More states increase spending, reach early budget accord in 2019. Washington fits the mold.

Washington’s on-time budget performance this year in at least that respect lines up well with most states. Liz Farmer reports in Governing magazine that this year most states reached timely budget agreement, aided by one-party governance and steady revenue growth.

As of Tuesday, 39 states had either passed a budget or had one awaiting a governor’s signature, according to the National Conference of State Legislatures. That’s a far cry from 2017 when 11 states started the fiscal year without a signed budget and another 10 had to call a special session to approve one after missing the initial deadline.

The drama was partially the product of divided government and tight finances — both of which are less of an issue today. The rise of one-party states has led to less political gridlock….But the bigger reason so many states have passed a budget without theatrics this year is that revenues are in good shape.

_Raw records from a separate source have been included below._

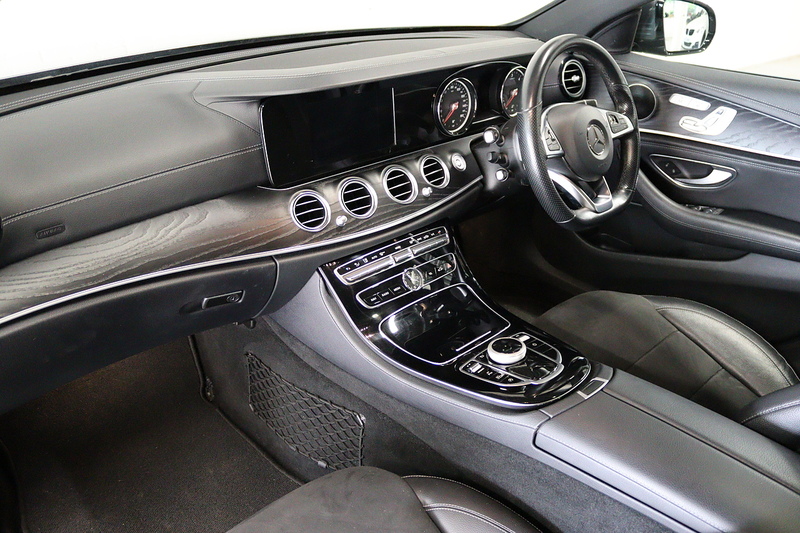 Mercedes-Benz E Class E220d AMG Line - U2769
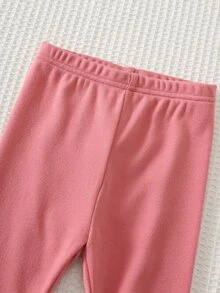 Cozy Pixies 女嬰女童 2件組 3D愛心長袖套頭衛衣與鬆緊腰打底褲套裝，對比色3D鉤編愛心圓領套頭衛衣搭配純色鬆緊腰長褲，舒適百搭時尚日常可愛休閒簡約基礎款，適合秋冬室內穿著 - 彩色 - 查看 7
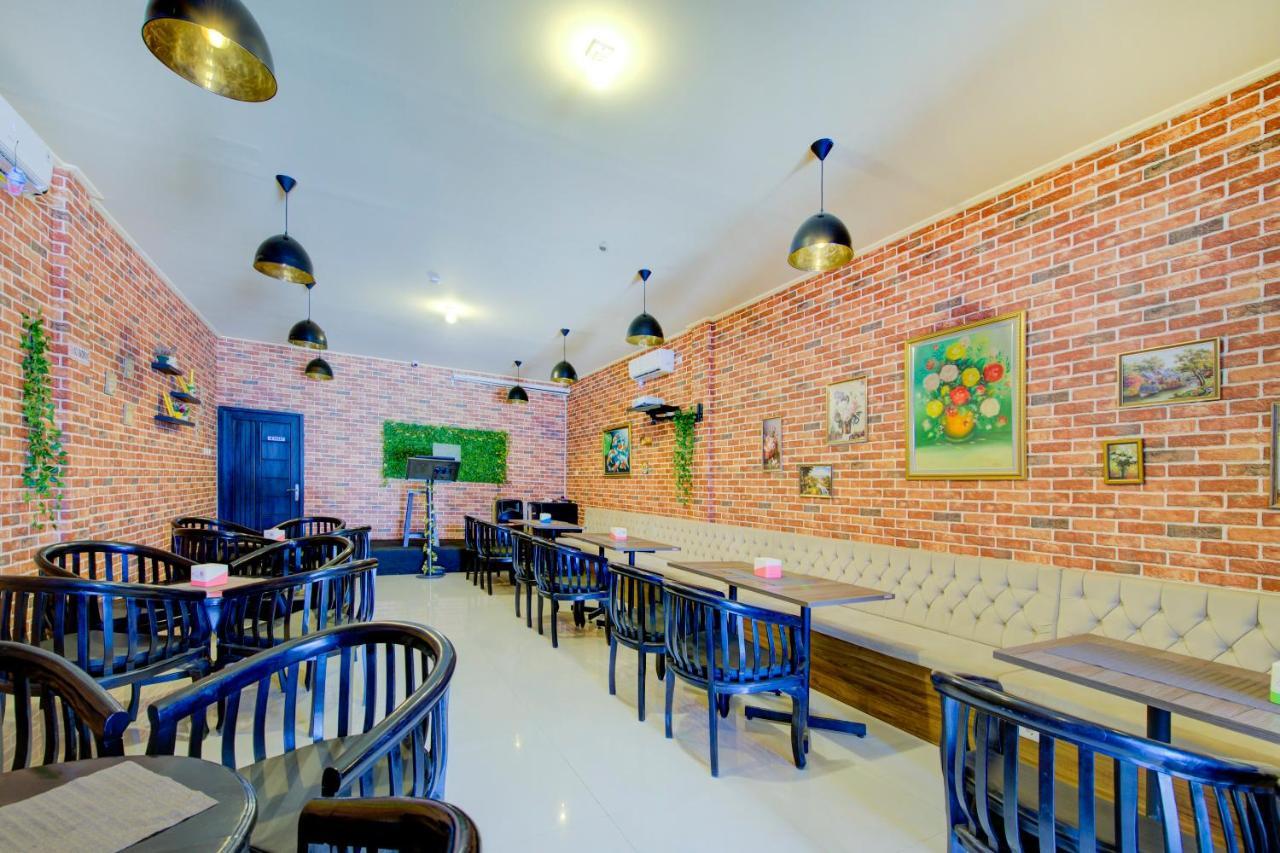 Oyo 3791 Hotel Kja Tegal  Buitenkant foto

Washington fits the mold, with Democratic control of both chambers and the governor’s mansion and strong revenue growth. The National Association of State Budget Officers (NASBO) recently published its fiscal survey of the Staes, the source for Farmer’s story. The summary report says,

Governors have recommended budgets for fiscal 2020 calling for moderate general fund spending and revenue growth. Proposed spending plans would increase general fund expenditures by 3.7 percent in fiscal 2020, with 47 states proposing spending increases and governors directing the majority of new money to education.

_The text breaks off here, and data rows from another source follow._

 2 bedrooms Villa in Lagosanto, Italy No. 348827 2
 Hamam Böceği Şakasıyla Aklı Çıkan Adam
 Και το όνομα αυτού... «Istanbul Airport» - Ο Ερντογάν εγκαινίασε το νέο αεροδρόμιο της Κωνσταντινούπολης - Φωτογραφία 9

And there we see Washington’s departure from the norm, for no one would call the state’s 18.4 percent biennial budget growth and billion dollar tax increase “moderate,” however anyone feels about the merits of the fiscal actions. We’ve previously written that Washington has experienced the fifth most rapid expenditure expansion since the 2008 recession.

Although it’s not a perfect comparison – Washington adopts a two-year budget, the NASBO report looks at annual changes – the two graphs below suggest the magnitude of the contrast between Washington and all states. The first is from the NASBO report, looking at budget growth since 2008.

The second is a Washington Research Council presentation of biennial spending growth here. The steep post-recession hike is apparent.

The data-rich NASBO report will make for good reading for fiscal wonks (likely not a large population). We’d cite this from the report’s conclusion:

Despite favorable revenue conditions, governors and other state officials are mindful that some of the recent revenue gains, especially from non-wage income, are likely temporary, and therefore are choosing to direct some new money in fiscal 2020 budgets towards one-time expenditures including paying down debt and making extra pension fund contributions. State officials are also continuing to bolster their states’ rainy day fund balances in anticipation of the next economic downturn.

As we warned repeatedly, it’s coming.